# Faded paint restoring by hand?



## Ash4ord (Feb 25, 2010)

I have a old vw passat with sligthly faded green paintowork, is it possible to do a half decent job of bringing the paint back up to a fuller colouer by hand? if doing it by hand what products would you recomend i used?

heres a couple of rubbish pics of the car


----------



## -Kev- (Oct 30, 2007)

autoglym super resin polish would be my first choice by hand, or paint renovator for more bite. tbh, a machine polisher would be better as it would give better, faster results


----------



## Ash4ord (Feb 25, 2010)

I have had a couple of quote for machine polishing the cheapest i have fould local to me ( west midlands) is £200 which i cant justify spending on this car as it didnt cost much more than that lol, im not after a perfect finish, infact im not fussed about swirlmarks or a high shine, i just want to restore the colour really.

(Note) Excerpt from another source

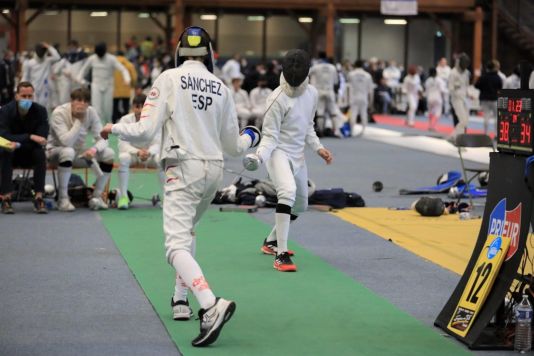 Circuito Europeo Cadete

ill look at the autoglym super resin polish, what paint renovators would you recomend?


----------



## -Kev- (Oct 30, 2007)

the paint renovator I mentioned is made by autoglym too  srp and / or paint renovator with plenty of elbow grease will give some good results IMO


----------



## burger (Feb 10, 2009)

Yeh have a look at something like megs scratch x, AG SRP, and Autoglym PR all can be found at halfords (i think 3 for 2 at the moment) could even try t-cut by hand (dont flame me hes not after a perfect finish)

Will take you a while by hand but a bit of patience and elbow grease should bring decent results


----------



## Ash4ord (Feb 25, 2010)

cheers guys will try thoose 2 autoglym products, will have a go on a small area 1st, i know once i see some decent results it will motivate me to put some elbow grease into the rest on the car, will update with some results!


----------



## geert dr (Jul 13, 2007)

I would go for Deep Crystal Paint cleaner from Meguiars, this cleaner REMOVES the faded paint instead of masking it up , because thats what a product like SRP (Autoglym) does.

http://www.meguiars.co.uk/product/378

After cleaning the paint apply Deep Crystal Polish ,this will feed the paint and helps to maintain the color .

http://www.meguiars.co.uk/product/204

To protect the paint and the achieved result put some good wax on it to !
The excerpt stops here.